[Captioned web image data]
══════════════════════════════

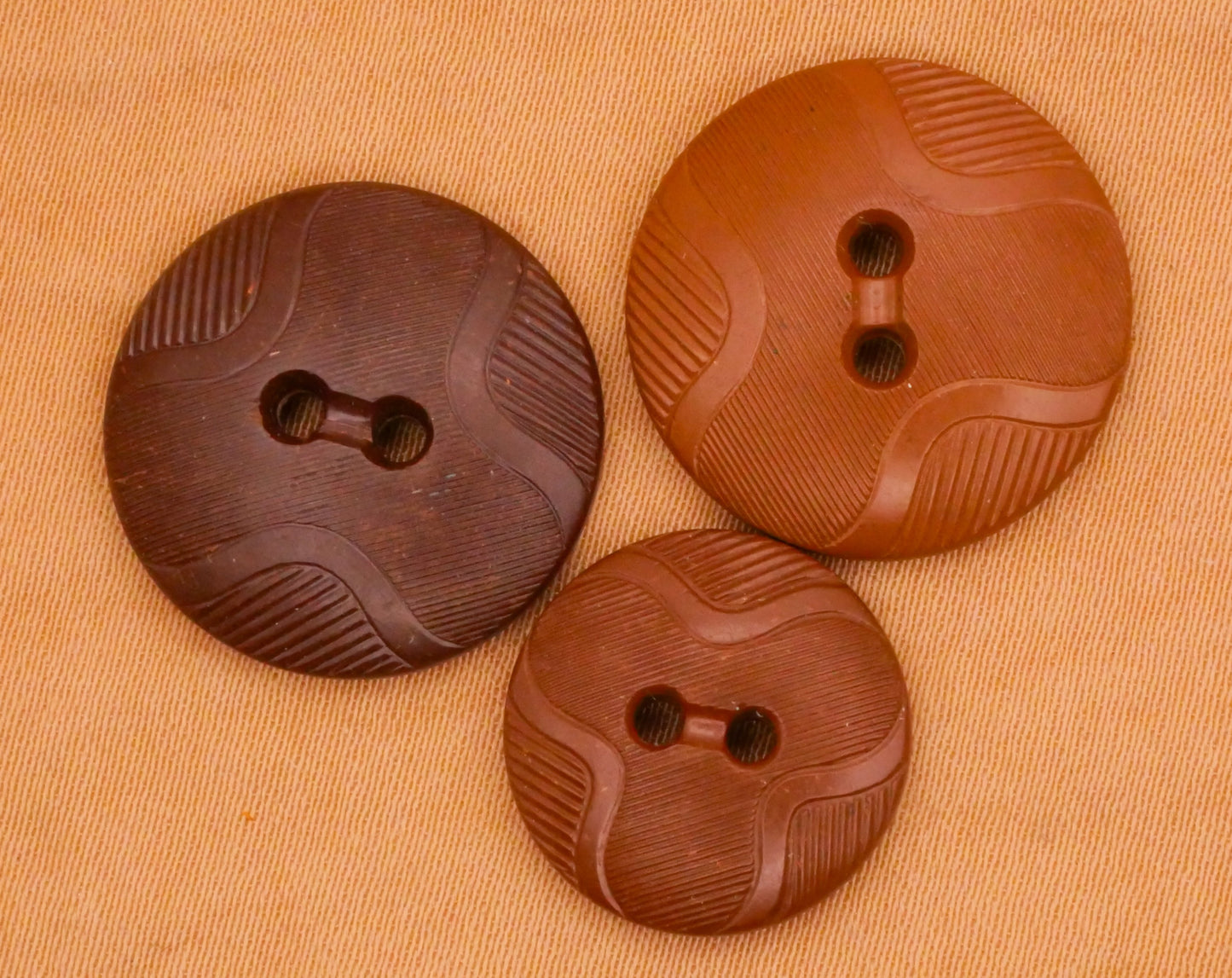 Brown Tan Caramel Vintage Plastic Set of Buttons Various 13-19mm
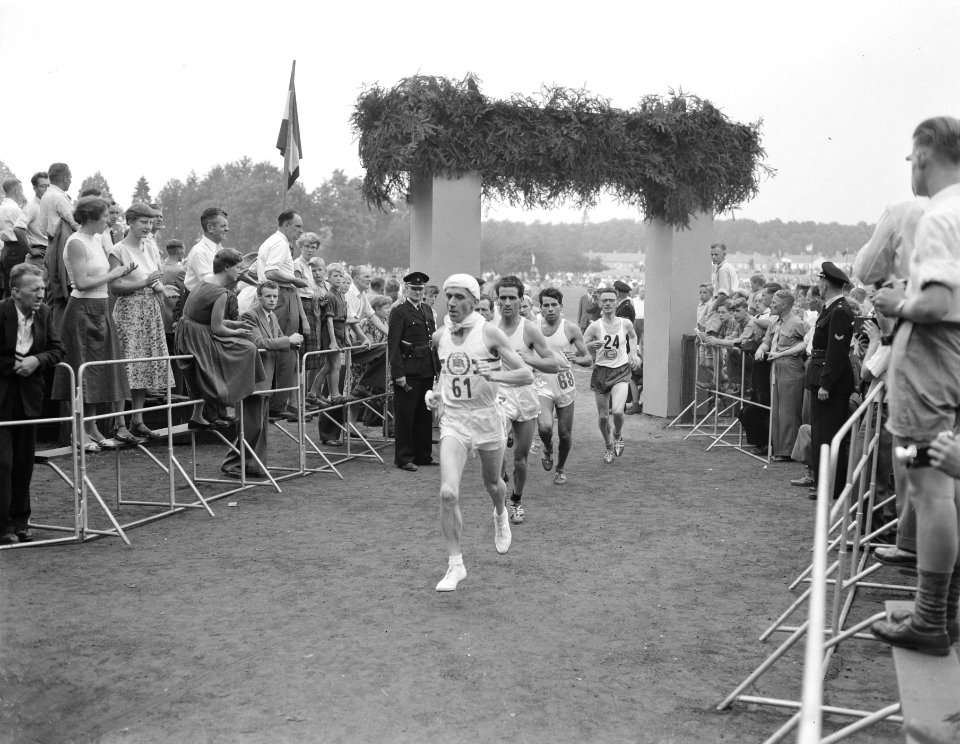 Internationaal Marathonrace Enschede, eerste Reinaldo Gorno (Argentinie) links, , Bestanddeelnr 907-2968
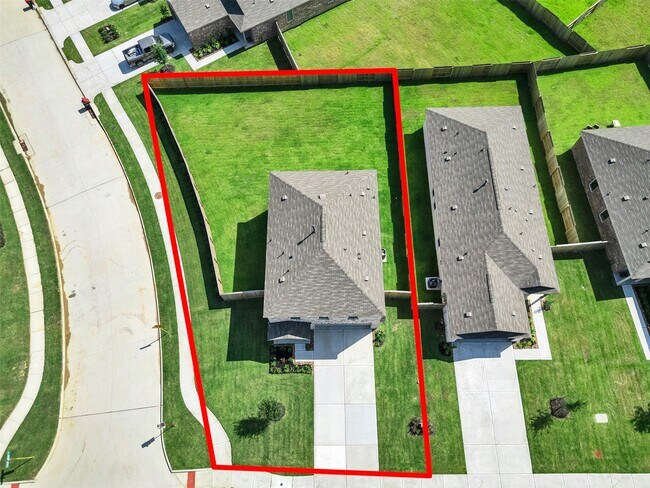 Building Photo - 921 Capracotta Dr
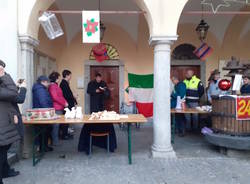 A Orino Babbo Natale porta il defibrillatore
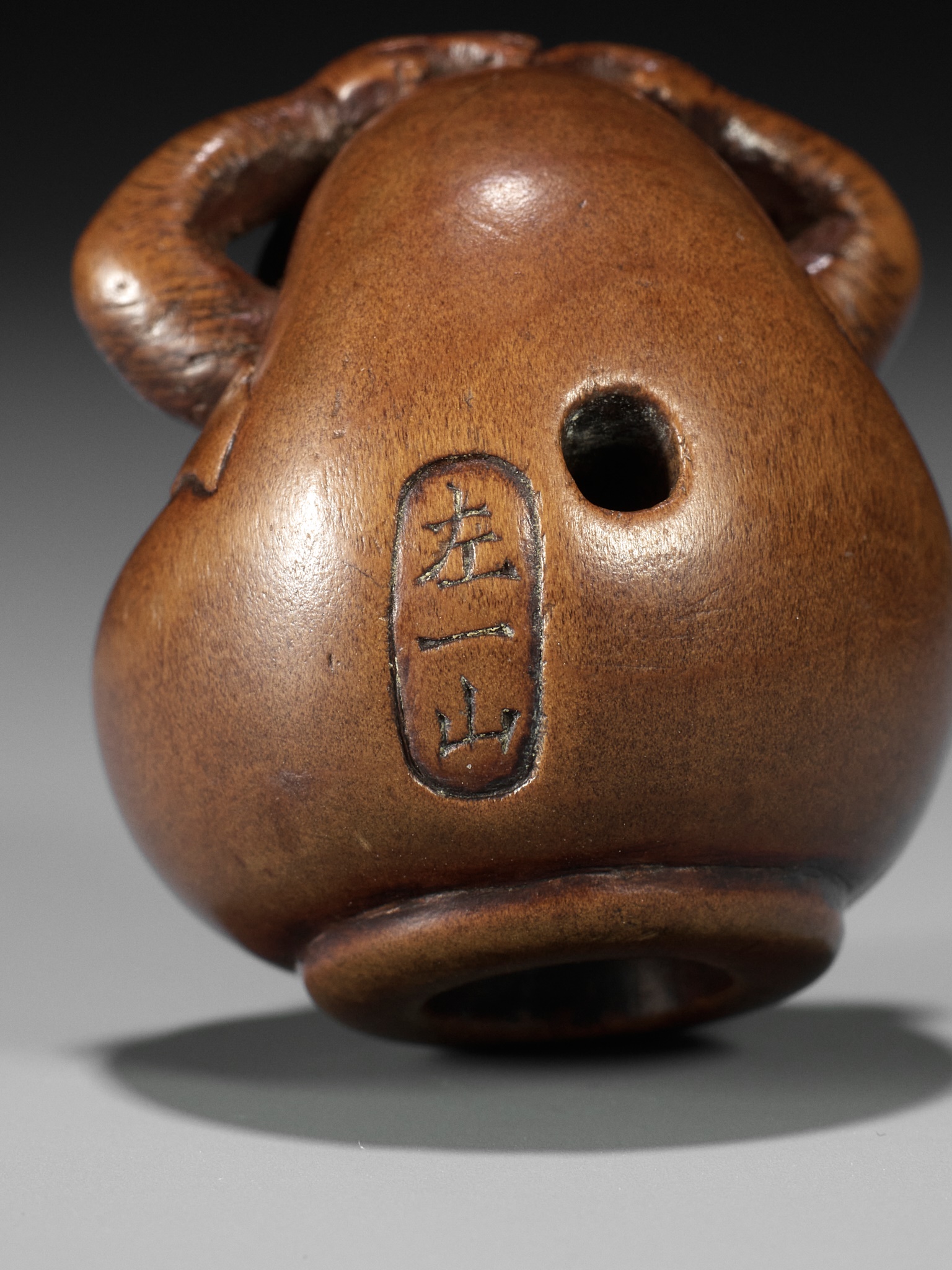 HIDARI ISSAN: A CHARMING WOOD NETSUKE OF A DARUMA DOLL - Image 10 of 10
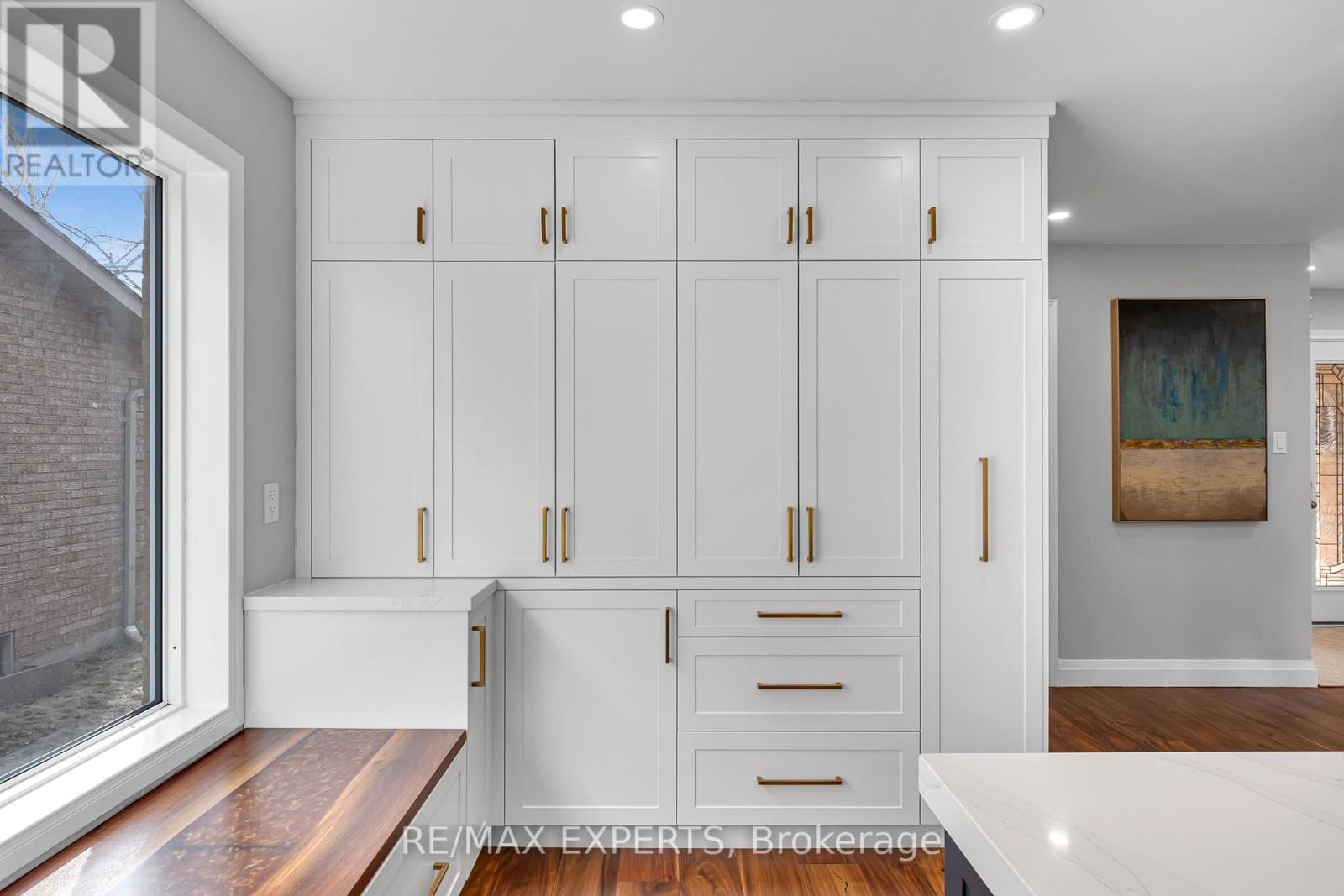 28 Bishop Drive, Barrie (Ardagh), Ontario  L4N 6Y5 - Photo 23 - S12930374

══════════════════════════════

# [Your task]
Output each record verbatim, but skip anything that is a picture.

# [Exercise answer]
 Brown Tan Caramel Vintage Plastic Set of Buttons Various 13-19mm
 Internationaal Marathonrace Enschede, eerste Reinaldo Gorno (Argentinie) links, , Bestanddeelnr 907-2968
 Building Photo - 921 Capracotta Dr
 A Orino Babbo Natale porta il defibrillatore
 HIDARI ISSAN: A CHARMING WOOD NETSUKE OF A DARUMA DOLL - Image 10 of 10
 28 Bishop Drive, Barrie (Ardagh), Ontario  L4N 6Y5 - Photo 23 - S12930374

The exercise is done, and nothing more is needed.